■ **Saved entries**
--------------------
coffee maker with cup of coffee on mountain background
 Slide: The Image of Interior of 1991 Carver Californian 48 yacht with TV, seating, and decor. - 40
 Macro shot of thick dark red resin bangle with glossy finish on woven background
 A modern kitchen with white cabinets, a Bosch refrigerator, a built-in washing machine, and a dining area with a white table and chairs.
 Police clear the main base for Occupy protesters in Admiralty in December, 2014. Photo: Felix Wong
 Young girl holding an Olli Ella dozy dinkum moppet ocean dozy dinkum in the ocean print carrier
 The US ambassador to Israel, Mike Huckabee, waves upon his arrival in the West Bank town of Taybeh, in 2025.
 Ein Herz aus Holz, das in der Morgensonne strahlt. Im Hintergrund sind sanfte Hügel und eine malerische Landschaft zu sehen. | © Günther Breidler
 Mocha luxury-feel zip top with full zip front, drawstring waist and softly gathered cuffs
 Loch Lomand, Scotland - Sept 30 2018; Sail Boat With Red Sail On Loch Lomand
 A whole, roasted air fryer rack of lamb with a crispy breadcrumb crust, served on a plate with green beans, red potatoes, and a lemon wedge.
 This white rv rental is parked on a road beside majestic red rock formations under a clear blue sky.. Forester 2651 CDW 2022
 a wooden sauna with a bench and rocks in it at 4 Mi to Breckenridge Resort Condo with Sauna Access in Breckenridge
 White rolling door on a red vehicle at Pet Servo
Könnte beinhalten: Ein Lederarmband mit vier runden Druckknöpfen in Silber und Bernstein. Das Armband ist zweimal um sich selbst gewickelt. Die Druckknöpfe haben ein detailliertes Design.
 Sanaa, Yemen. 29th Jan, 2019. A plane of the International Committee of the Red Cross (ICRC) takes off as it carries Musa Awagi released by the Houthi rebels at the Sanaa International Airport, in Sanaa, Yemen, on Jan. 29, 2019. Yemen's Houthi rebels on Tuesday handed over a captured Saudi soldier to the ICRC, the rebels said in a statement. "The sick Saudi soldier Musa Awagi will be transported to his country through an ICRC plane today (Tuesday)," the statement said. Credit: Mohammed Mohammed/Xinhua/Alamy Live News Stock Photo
--------------------
■ **INSTRUCTIONS TO FOLLOW**
Return only those lines that run from the one containing "This white rv" through the end of the entries, keeping each exactly as written.

■ **RESULT OF THIS TASK**
 This white rv rental is parked on a road beside majestic red rock formations under a clear blue sky.. Forester 2651 CDW 2022
 a wooden sauna with a bench and rocks in it at 4 Mi to Breckenridge Resort Condo with Sauna Access in Breckenridge
 White rolling door on a red vehicle at Pet Servo
Könnte beinhalten: Ein Lederarmband mit vier runden Druckknöpfen in Silber und Bernstein. Das Armband ist zweimal um sich selbst gewickelt. Die Druckknöpfe haben ein detailliertes Design.
 Sanaa, Yemen. 29th Jan, 2019. A plane of the International Committee of the Red Cross (ICRC) takes off as it carries Musa Awagi released by the Houthi rebels at the Sanaa International Airport, in Sanaa, Yemen, on Jan. 29, 2019. Yemen's Houthi rebels on Tuesday handed over a captured Saudi soldier to the ICRC, the rebels said in a statement. "The sick Saudi soldier Musa Awagi will be transported to his country through an ICRC plane today (Tuesday)," the statement said. Credit: Mohammed Mohammed/Xinhua/Alamy Live News Stock Photo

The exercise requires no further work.